There are plenty of possible sources for noise, and all of them are pretty much to be expected. Real circuits have to deal with reality, and reality has a lot of things that simulators often ignore.
Possible noise sources:
- The resistors. Passing a current through resistors causes noise to be generated in the resistors. Heck, they generate noise just by being warm.
- Power supply regulators aren't perfect, so the voltage can change with time. Since they also include resistors (and other parts that will generate noise,) the output of any voltage regulator will have noise.
- Received noise. There are many sources of electromagnetic disturbances. These can be received by the wires (and other components) in your circuit.
- Noise generated by your own circuit. If your circuit switches things on and off (or even just has an amplifier) then it will cause variations in the supply voltage. These will then get into your amplifier circuits and cause noise there.
- Potentiometers. The wipers on potentiometers "scratch" along the resistance track. Mechanical motion will cause more noise. Even just sitting there, the wiper is under (physical) tension - it presses on the resistance track. That causes noise.

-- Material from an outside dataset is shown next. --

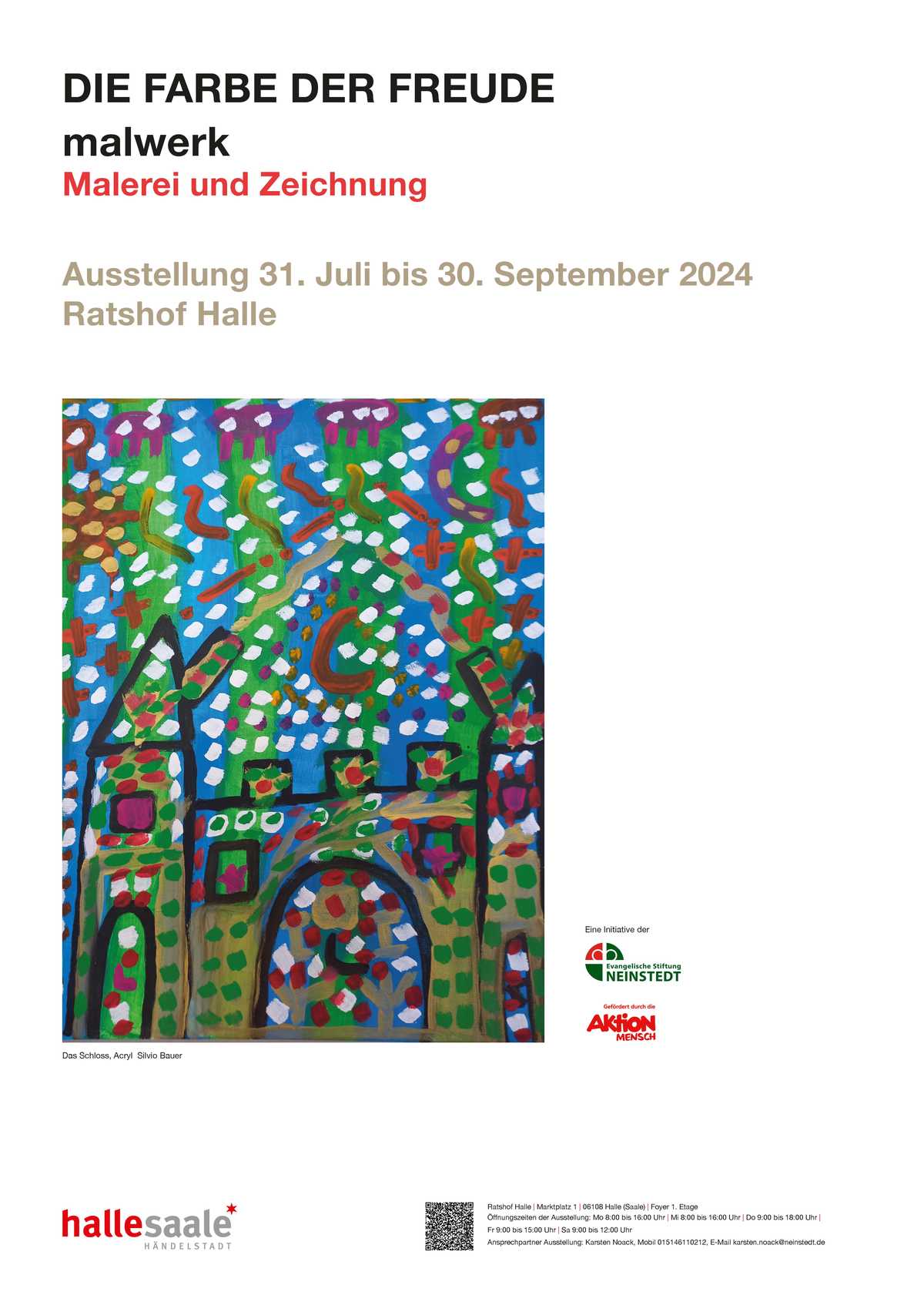 Plakat Ausstellung mit den Informationen zur Laufzeit (31.7. bis 30.9.2024) und einem gemalten Bild von einem  Schloss in dunklen freundlichen Farben. Das Bild ist übersät mit hellen weißen Punkten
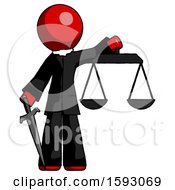 Poster, Art Print Of Red Clergy Man Justice Concept With Scales And Sword Justicia Derived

Noise is a fact of life in any electrical circuit.
Proper design can reduce it, but not eliminate it entirely.
- You can shield things to reduce noise picked up from the environment. That's shielded cables and metal enclosures for the circuit.
- You design so as to reduce noise. High value resistors generate more noise than low values, so you use low value resistors. How the wires (or traces on a printed circuit board) run influences how easily noise from one part of a circuit jumps to another part of the circuit.
- You use filters to reduce noise when it gets into your signals.
- You use components that them selves generate little noise. A power supply that generates hundreds of millivolts of noise will be a problem for a sensitive circuit. An amplifier that adds a lot of noise to your signal will be more of a problem than an amplifier with a lower noise level. The LM358 is a good(ish) opamp for general use, but probably far too noisy for the task you've set it.
The above lists of sources and cures don't even begin to cover all the possibilities. There are entire books about the subject.
Amplifying nanovolt level signals is not what I'd call a good first project.
Mmmpf.
Missed it the first time around: "changing breadboard."
A breadboard is the last thing I'd use when working with such small signals. Every wiggle of every wire is a noise source - even if the wiggle is too small to see. That'll easily generate millivolt level variations (and more) in your output.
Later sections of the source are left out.